The Component Introducer/Mixer Assembly
[0065] Before mixing, the components for the material composition
are housed in the formative component assembly 18 contained in the
kit 14 (see FIG. 1), which will be described in greater detail
later.
[0066] As FIG. 10 shows, the proximal end of the introducer/mixer
assembly 22 includes a length of flexible intermediate tubing 58
that couples to the port 56 of the y-adapter/handle 38. The distal
end of the assembly 22 includes a luer fitting 84 that couples to
the formative component assembly 18 (see also FIG. 13).
[0067] Communicating with the tubing 58 in the direction of flow
into the passage 54, are an in-line syringe activated check valve
86, an in-line mixer 88, and an in-line air accumulator 90.

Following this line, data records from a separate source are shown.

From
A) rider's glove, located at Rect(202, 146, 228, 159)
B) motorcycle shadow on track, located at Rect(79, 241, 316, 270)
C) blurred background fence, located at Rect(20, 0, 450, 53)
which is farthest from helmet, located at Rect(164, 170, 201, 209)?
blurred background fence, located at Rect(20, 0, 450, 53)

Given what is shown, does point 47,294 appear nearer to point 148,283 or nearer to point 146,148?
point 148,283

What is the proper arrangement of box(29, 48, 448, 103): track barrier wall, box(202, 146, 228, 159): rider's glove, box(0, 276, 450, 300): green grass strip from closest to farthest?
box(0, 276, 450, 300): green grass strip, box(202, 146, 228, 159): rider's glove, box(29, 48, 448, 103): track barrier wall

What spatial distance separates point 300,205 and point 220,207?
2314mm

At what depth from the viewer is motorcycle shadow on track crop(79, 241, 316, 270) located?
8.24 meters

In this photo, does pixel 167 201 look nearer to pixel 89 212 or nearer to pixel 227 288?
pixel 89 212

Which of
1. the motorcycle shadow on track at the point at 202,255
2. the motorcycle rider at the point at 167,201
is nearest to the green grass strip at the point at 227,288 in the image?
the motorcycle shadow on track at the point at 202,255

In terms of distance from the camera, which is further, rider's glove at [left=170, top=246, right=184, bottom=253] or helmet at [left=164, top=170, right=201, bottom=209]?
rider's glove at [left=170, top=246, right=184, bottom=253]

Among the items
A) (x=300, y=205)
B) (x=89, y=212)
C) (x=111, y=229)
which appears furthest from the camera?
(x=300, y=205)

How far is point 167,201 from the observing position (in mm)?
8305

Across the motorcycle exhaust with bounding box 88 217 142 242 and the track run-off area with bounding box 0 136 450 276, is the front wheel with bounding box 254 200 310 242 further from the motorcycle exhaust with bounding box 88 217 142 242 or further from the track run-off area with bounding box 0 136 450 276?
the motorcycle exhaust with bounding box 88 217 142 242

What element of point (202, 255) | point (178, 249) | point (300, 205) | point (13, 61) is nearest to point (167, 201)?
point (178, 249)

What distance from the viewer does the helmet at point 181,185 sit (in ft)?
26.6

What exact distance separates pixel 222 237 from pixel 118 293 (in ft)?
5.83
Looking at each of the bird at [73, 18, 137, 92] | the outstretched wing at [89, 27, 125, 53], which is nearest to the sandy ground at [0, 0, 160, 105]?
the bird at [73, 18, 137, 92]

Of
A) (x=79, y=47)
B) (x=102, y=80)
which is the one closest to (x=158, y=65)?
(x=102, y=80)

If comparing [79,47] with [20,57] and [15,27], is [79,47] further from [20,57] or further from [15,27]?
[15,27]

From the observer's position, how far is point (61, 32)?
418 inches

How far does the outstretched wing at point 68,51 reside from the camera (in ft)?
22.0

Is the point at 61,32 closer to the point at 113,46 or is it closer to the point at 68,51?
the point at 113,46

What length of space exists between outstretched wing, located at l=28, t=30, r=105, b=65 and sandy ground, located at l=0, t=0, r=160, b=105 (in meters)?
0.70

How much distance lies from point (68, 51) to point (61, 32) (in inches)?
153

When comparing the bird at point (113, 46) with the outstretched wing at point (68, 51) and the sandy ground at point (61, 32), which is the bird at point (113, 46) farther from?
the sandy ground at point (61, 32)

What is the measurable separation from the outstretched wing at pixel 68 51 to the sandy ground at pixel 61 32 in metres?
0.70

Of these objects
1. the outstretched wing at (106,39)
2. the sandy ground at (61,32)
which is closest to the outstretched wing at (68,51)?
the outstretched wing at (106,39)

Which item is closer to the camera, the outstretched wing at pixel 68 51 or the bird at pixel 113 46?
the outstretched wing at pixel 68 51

[0068] The in-line syringe activated check valve 86 can take
various forms. In the illustrated embodiment, the valve 84 takes
the form of a conventional, needleless slip luer lock valve made by
Qosina (Edgewood, N.Y.), Product Number 80360. The valve 84 is
normally closed to prevent back flow of blood or other liquid
material through the tubing 58. Back flow of blood, in particular,
from the passage is undesirable, as it creates the potential for
blood contact and deposits material in the introducer/mixer
assembly 22 that can interfere or compete with the desired reaction
between the liquid components that form the material composition.

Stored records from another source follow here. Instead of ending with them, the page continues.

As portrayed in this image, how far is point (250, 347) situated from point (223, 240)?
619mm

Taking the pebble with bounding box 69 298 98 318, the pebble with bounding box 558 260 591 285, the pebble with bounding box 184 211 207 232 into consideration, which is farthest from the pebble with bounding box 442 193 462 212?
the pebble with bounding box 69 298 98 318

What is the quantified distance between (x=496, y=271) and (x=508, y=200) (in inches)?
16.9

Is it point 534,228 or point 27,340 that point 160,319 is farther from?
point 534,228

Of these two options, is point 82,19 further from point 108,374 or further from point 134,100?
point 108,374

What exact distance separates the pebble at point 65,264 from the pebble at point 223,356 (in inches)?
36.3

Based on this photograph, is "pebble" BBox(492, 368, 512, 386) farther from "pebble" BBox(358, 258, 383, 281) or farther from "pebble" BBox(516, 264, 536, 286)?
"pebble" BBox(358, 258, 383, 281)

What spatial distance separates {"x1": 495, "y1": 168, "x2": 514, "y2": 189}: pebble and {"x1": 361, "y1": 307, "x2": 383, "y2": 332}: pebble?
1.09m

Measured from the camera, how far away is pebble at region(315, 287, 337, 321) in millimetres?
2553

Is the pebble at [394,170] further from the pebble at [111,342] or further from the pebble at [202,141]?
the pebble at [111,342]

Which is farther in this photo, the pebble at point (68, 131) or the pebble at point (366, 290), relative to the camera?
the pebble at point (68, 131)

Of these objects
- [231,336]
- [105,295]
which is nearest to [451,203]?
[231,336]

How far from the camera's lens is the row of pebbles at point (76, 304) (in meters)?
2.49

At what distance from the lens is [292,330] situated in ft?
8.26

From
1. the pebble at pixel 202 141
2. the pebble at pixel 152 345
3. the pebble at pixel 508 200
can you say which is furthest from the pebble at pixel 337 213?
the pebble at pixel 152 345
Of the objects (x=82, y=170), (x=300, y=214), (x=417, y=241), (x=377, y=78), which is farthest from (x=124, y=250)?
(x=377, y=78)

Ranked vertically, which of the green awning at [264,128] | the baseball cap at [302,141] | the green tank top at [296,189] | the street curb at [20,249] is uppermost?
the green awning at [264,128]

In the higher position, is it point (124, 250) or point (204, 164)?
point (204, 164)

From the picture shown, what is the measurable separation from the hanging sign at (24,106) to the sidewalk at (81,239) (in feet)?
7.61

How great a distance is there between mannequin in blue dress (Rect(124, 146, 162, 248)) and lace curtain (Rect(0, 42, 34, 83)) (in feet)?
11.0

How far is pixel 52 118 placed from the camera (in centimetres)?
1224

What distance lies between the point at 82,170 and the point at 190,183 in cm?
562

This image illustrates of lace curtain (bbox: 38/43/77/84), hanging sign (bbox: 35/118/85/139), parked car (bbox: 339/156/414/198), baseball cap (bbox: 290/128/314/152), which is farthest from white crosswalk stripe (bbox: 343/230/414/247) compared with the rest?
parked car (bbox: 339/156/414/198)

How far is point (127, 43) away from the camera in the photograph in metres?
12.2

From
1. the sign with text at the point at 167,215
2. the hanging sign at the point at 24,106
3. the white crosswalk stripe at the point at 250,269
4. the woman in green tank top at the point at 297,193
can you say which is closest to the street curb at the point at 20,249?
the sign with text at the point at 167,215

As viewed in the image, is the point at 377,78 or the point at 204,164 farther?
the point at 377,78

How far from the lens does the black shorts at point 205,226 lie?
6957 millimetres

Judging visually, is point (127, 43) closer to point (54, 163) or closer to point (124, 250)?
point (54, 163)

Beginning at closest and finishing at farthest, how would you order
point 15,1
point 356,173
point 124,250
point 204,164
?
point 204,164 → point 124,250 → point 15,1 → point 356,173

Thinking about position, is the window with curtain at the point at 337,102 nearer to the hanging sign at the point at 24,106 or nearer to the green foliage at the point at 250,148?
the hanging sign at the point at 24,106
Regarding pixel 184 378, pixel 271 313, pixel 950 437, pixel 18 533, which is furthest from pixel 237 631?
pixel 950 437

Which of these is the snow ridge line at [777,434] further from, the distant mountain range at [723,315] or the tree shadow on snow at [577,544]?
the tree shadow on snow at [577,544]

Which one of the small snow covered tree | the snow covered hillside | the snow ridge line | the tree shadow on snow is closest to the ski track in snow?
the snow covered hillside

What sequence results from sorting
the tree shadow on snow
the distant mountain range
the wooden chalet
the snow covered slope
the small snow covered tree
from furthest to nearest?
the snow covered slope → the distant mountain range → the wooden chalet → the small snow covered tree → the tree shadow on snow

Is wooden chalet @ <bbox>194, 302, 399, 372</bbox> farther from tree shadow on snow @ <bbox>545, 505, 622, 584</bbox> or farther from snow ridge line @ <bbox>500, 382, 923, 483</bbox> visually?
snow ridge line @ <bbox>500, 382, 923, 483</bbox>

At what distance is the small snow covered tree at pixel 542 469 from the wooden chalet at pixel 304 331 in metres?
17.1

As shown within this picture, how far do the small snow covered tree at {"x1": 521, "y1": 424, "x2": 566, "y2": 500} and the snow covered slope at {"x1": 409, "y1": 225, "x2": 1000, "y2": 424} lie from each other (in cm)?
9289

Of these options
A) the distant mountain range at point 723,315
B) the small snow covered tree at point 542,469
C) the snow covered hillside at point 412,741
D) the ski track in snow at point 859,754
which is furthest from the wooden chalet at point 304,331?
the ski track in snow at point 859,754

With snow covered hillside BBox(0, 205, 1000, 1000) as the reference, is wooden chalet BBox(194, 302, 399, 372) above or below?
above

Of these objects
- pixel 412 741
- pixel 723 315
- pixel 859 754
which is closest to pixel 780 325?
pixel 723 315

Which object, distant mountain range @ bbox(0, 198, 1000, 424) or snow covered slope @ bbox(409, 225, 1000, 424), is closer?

Connection of a conventional luer fitting carried by the formative
component assembly 18 (for example, fitting 132 shown in FIGS. 10
and 13) opens the valve 86 to allow the introduction of the liquid
components that form the material composition.

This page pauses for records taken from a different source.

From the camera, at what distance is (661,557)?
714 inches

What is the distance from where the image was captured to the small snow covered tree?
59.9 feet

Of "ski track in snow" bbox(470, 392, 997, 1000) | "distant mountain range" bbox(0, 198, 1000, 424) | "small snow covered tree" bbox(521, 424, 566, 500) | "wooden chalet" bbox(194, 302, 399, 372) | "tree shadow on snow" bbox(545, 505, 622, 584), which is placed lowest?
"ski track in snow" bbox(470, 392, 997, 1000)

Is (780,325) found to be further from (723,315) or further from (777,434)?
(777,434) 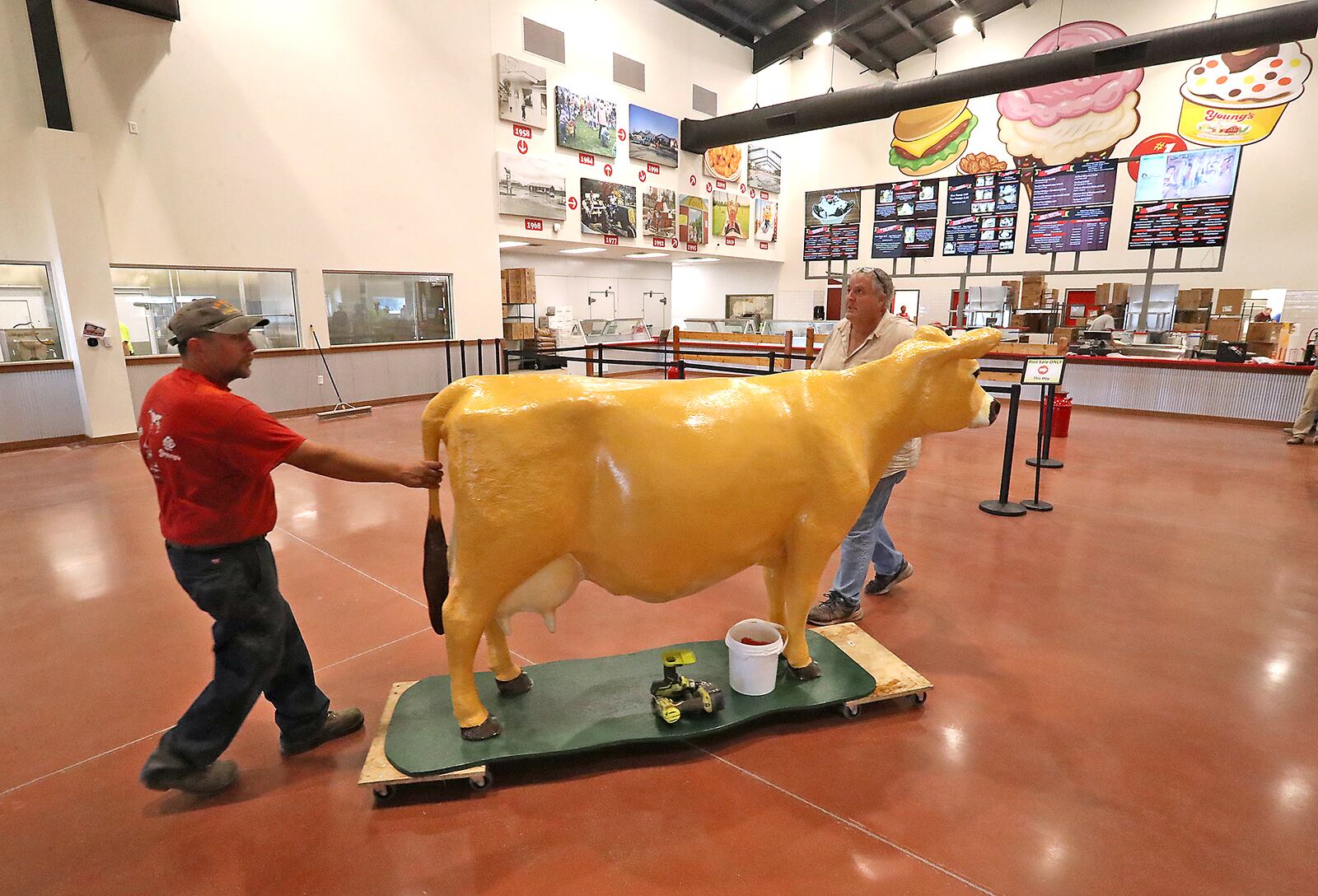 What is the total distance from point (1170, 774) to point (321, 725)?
2927 millimetres

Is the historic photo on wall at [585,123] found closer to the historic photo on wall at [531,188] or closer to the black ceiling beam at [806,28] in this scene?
the historic photo on wall at [531,188]

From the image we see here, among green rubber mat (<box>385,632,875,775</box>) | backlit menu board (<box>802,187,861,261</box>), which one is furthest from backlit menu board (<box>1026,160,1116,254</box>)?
green rubber mat (<box>385,632,875,775</box>)

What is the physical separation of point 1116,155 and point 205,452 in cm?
1590

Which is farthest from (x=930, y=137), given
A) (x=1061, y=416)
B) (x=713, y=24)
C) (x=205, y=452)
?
(x=205, y=452)

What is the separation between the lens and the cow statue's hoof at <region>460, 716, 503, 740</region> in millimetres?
2141

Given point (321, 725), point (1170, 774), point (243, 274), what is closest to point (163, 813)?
point (321, 725)

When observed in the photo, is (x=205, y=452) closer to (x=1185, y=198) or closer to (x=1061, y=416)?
(x=1061, y=416)

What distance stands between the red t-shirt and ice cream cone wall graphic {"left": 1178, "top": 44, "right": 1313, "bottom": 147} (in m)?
15.6

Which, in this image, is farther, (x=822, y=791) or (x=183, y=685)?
(x=183, y=685)

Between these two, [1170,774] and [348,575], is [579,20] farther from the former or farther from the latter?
[1170,774]

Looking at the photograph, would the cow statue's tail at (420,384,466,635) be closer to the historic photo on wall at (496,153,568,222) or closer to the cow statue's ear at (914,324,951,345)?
the cow statue's ear at (914,324,951,345)

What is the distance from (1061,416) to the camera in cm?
774

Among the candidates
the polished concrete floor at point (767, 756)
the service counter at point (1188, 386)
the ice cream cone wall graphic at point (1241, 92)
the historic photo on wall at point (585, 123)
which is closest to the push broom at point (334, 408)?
the polished concrete floor at point (767, 756)

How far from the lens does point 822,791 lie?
2.05 metres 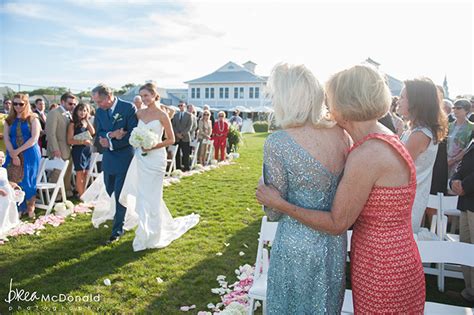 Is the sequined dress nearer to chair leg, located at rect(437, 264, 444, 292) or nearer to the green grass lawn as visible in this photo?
the green grass lawn

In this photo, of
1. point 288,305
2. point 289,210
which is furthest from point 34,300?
point 289,210

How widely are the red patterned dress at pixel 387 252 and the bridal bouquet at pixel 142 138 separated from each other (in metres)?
4.00

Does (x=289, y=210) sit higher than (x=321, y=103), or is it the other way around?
(x=321, y=103)

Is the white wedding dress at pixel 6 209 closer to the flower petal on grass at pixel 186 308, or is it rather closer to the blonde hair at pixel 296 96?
the flower petal on grass at pixel 186 308

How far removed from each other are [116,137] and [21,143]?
251 cm

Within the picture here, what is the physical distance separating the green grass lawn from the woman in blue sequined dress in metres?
2.14

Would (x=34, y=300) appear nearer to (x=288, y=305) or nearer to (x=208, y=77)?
(x=288, y=305)

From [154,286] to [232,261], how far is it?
4.05ft

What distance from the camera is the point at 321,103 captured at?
2072 millimetres

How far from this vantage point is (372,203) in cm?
201

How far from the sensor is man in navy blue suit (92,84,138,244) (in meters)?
5.79

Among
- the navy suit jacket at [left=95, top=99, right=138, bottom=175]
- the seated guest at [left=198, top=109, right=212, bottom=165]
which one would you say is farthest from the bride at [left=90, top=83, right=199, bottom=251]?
the seated guest at [left=198, top=109, right=212, bottom=165]

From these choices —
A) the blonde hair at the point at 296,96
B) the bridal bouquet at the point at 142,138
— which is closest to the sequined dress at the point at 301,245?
the blonde hair at the point at 296,96

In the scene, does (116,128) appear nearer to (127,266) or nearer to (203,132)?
(127,266) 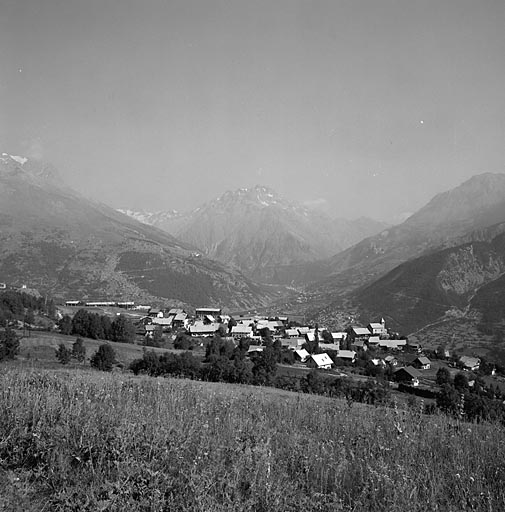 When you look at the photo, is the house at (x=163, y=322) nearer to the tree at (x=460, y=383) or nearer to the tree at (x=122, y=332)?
A: the tree at (x=122, y=332)

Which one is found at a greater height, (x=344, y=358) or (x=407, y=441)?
(x=407, y=441)

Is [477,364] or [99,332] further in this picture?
[477,364]

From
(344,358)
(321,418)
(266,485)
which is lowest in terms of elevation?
(344,358)

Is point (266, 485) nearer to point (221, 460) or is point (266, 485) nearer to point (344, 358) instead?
point (221, 460)

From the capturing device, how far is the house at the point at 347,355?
78.7 metres

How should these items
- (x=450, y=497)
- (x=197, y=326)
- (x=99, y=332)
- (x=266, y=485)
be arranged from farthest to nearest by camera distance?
(x=197, y=326) < (x=99, y=332) < (x=450, y=497) < (x=266, y=485)

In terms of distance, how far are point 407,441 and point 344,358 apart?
7641 centimetres

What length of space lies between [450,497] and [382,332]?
398ft

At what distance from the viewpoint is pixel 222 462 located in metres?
5.20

[0069] The components of the material composition come into contact
in the liquid state in the in-line mixer 88. In this way, effective
mixing can be achieved outside the catheter assembly 20 that is not
dependent solely upon the dimensions or lengths of the flow paths
within the catheter assembly 20. The mixer 88 comprises a mixing
structure, which can vary. For example, the mixer 88 can comprise a
spiral mixer manufactured by TAH Industries, Inc. (Robbinsville,
N.J.), Part Number 121-090-08.
[0070] The in-line air accumulator 90 comprises a chamber that has
an interior volume sized to trap air that can reside in the
material composition applicator at time of use.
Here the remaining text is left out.